*** Opening of Exercise data ***
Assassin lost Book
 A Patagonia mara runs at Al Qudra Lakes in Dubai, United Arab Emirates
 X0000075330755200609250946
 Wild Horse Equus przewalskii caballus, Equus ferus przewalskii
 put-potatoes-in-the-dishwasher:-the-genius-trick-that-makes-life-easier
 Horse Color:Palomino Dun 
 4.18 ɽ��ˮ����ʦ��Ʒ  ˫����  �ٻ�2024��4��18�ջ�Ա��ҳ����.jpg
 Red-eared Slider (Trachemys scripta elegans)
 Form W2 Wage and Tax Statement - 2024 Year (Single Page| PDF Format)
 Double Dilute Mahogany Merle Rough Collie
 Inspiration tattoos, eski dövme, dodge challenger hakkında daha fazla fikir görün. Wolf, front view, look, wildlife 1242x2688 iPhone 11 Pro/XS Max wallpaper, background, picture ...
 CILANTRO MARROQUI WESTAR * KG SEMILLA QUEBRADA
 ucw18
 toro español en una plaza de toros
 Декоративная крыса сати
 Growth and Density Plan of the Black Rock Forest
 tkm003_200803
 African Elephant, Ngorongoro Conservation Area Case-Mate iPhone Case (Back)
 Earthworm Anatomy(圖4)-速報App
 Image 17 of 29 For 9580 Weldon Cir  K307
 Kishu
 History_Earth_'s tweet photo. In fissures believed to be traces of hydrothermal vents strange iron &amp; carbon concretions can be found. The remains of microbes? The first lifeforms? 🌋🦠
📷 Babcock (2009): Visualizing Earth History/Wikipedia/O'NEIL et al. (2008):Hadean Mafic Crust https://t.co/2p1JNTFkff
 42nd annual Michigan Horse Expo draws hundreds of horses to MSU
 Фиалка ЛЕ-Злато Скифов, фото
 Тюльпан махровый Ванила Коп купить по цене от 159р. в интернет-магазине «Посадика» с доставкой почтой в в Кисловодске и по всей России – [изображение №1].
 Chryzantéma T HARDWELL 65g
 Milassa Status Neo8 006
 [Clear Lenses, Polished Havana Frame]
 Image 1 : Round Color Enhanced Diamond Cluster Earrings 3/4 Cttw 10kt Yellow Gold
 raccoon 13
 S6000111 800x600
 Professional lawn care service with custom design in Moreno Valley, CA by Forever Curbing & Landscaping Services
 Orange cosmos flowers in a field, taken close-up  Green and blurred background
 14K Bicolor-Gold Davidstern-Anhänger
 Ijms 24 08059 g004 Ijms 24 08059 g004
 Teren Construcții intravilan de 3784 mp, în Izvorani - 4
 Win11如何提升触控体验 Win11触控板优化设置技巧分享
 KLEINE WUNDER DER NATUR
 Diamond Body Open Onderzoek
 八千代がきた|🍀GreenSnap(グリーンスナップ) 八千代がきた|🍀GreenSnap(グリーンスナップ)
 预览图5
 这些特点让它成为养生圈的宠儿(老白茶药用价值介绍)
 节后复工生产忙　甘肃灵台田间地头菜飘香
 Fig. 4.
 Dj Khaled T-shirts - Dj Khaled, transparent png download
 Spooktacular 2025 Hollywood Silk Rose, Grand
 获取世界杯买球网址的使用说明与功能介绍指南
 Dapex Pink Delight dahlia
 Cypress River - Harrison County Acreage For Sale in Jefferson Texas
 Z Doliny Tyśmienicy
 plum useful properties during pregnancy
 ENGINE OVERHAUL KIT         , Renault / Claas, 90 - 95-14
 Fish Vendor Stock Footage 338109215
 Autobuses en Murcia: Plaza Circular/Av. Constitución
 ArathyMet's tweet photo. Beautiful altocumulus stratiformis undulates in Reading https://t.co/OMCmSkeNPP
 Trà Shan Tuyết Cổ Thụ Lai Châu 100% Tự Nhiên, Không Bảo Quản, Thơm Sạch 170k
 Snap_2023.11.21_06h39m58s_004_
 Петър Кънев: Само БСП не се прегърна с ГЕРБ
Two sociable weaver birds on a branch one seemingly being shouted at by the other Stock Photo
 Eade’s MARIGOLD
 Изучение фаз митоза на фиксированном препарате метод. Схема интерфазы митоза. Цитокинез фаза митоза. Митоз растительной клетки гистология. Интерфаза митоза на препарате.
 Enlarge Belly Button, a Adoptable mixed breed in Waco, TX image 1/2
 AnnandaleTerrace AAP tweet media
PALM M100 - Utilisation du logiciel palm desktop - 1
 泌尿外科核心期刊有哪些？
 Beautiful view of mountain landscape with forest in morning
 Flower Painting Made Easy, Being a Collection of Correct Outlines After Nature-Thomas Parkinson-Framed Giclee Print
*** Close of Exercise data ***
## Task description
The answer must be every line from the records above that contains the word "view", copied out.

## Answer section
 Inspiration tattoos, eski dövme, dodge challenger hakkında daha fazla fikir görün. Wolf, front view, look, wildlife 1242x2688 iPhone 11 Pro/XS Max wallpaper, background, picture ...
 Beautiful view of mountain landscape with forest in morning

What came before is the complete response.